An Evening with Bernard-Henri Lévy

Dir. Bernard-Henri Lévy
Documentary France / Iraq 2016-2017 English

Tuesday, January 236:15 PM Edlavitch DCJCC On Rush*

Screening note:

This event was postponed from September 26, 2017 to January 23, 2018


*Rush indicates that we’re sold out of advanced tickets for this screening. A rush line will form 1 hour prior to show time. About 5 minutes before the scheduled start time, ticket-buyers from the Rush Line will be admitted based on availability inside the theater.

Renowned French philosopher, activist, writer (The Genius of Judaism), and filmmaker Bernard-Henri Lévy offers a special presentation of his two most recent documentaries, Peshmerga and The Battle of Mosul.

In between the screenings, Lévy will be joined on stage by the CEO of The Jewish Federation of Greater Washington, Gil Preuss, for an in-depth conversation on the implications of the September 2017 Kurdistan independence referendum vote; the escalation of violence in Iraq, the responses of neighboring countries and responsibilities of the international community in this conflict.

6:15pm – Peshmerga (2016)
7:45pm – Bernard-Henri Lévy in conversation
9:00pm – The Battle of Mosul (2017)



Dir. Bernard-Henri Lévy
France (2016)
Kurdish, Arabic, English and French with English Subtitles
Runtime: 92min
In 2015, Bernard-Henri Lévy sought to understand the psychology and culture of those embroiled with ISIS in the Middle East. Accompanied by a team of cameramen, Lévy traveled over 650 miles of the frontline separating Iraqi Kurdistan from Islamic State troops. The Kurdish fighters he encounters in Mosul and the Sinjar Mountains demonstrate heroic resolve in their fight against jihadi fundamentalism, and relay unforgettable and harrowing stories that give human dimension to a conflict with immense global implications.
Dir. Bernard-Henri Lévy
France, Iraq (2017)
Kurdish, Arabic, English and French with English Subtitles
Runtime: 53min
The film opens on October 17, 2016, the first day of the battle to liberate Mosul from the Islamic State. It ends in mid-January 2017 with the complete liberation of the eastern half of the city, including the spot on the Tigris where the Prophet Jonah is buried, a place of significance for the three Abrahamic religions.Whether in the company of the Kurds or of the Iraqi Golden Division Special Forces, Bernard-Henri Lévy and his crew were present at every crucial step in the battle. Throughout the film, a question hangs in the air: Will the imminent fall of the capital of the Islamic State spell its definitive defeat?

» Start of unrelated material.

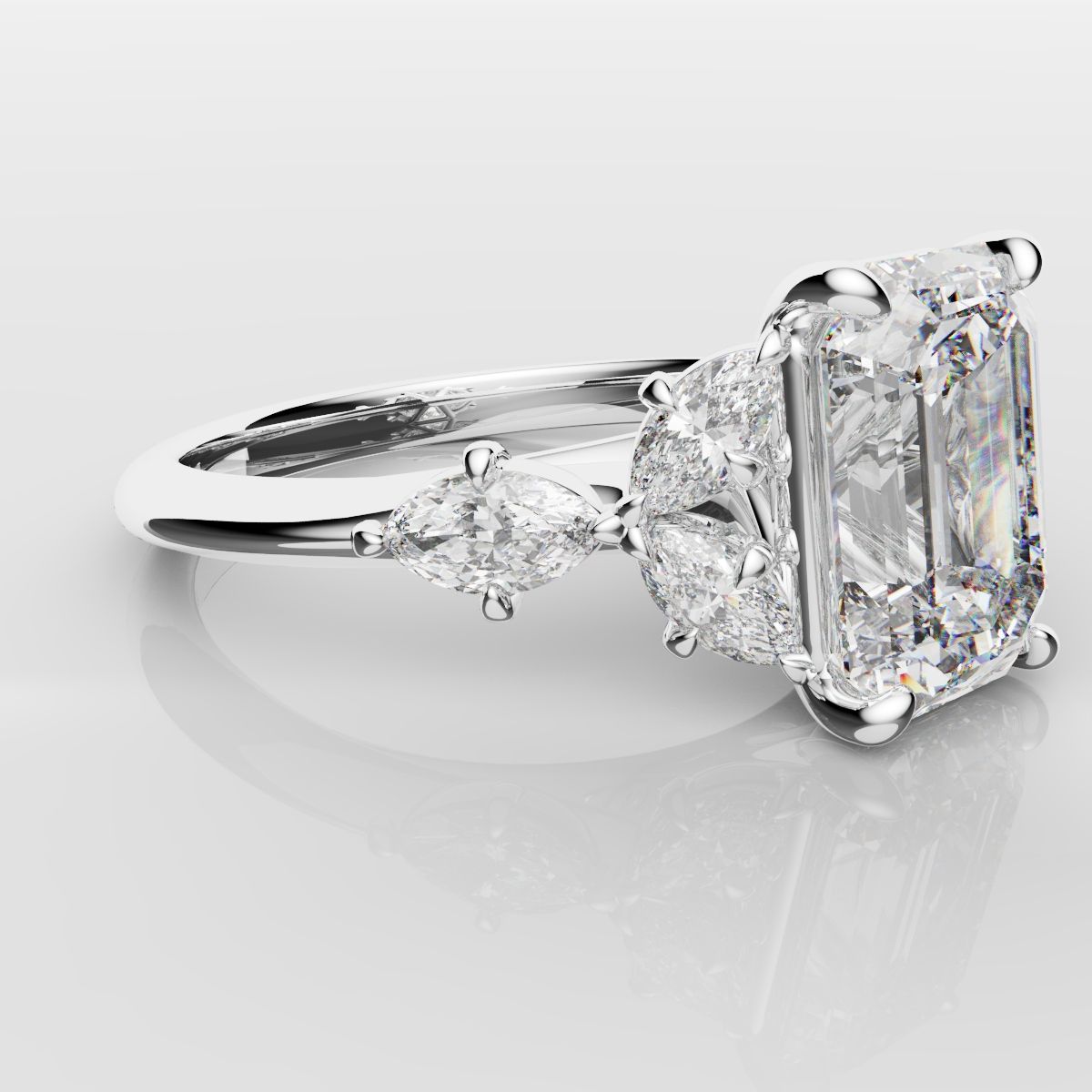 2 Carat Emerald Cut Diamond Ring With Marquise Details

Co-presented by Washington Kurdish Institute


Bernard-Henri Lévy is a philosopher, activist, and filmmaker. His most recent book, The Genius of Judaism, was published in January 2017 by Random House. New York Times Bestsellers include American Vertigo, Barbarism with a Human Face, and Who Killed Daniel Pearl? His writing has appeared in a wide range of publications throughout Europe and the United States. His films include the documentaries Bosna!, The Oath of Tobruk, Peshmerga and The Battle of Mosul. Lévy is co-founder of the antiracist group SOS Racisme. He has served on diplomatic missions for the French government.

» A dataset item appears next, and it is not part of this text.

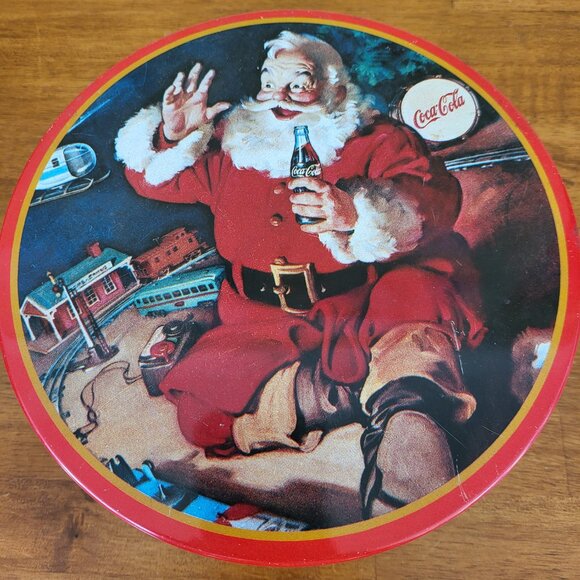 Vintage 1986 Coca Cola EMPTY Tin Storage Can Santa Christmas Train Helicopter T3 - Picture 8 of 8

Gil Preuss is the CEO of The Jewish Federation of Greater Washington. Prior to joining Federation in August 2017, Gil worked at Combined Jewish Philanthropies of Greater Boston for 13 years, most recently as the Executive Vice President. In this role, he oversaw strategic planning, financial resource development and community impact. During his tenure, Gil led CJP’s two recent strategic plans, which helped reimagine the role of a Jewish Federation in the Boston area.  Prior to his work at the Boston Federation, Gil was an Assistant Professor of Organizational Behavior and Human Resources at the Weatherhead School of Management, Case Western Reserve University.

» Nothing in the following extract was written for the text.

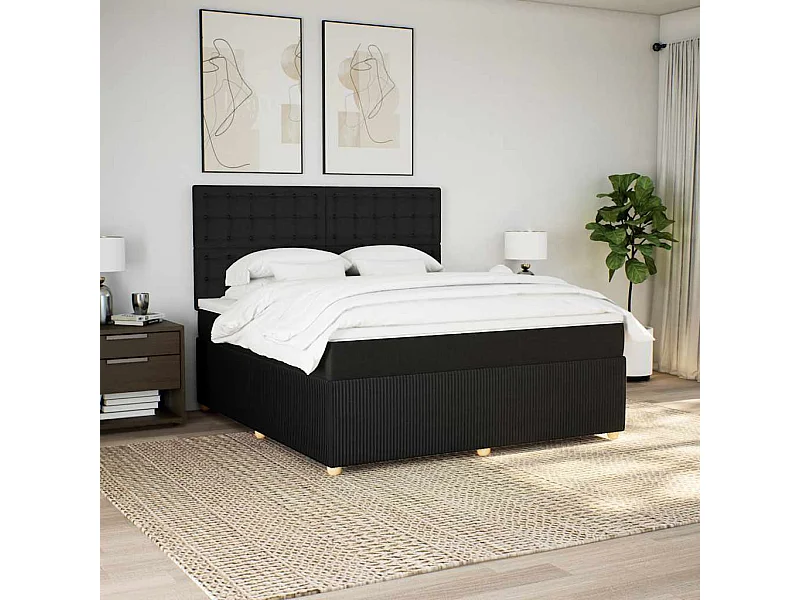 Cama box spring con colchón tela negro 180x200 cm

  • “Peshmerga,” [is] truly enthralling and instructive. In a context of widespread fear after the attacks and mass killings regularly orchestrated by the jihadist group Islamic State, this very well documented homage to an irreducible group of freedom fighters should arouse the curiosity of those seeking perspective on geopolitical issues.Variety
  • Peshmerga, it should be noted, is an excellent and gripping documentary: fast-paced, formally dexterous, harrowing and skeptically probing while also being very humane. The “sequel,” The Battle of Mosul, is even better as a cinematic work and is also much more brutal than its predecessor.Tablet







This event finished on January 24, 2018.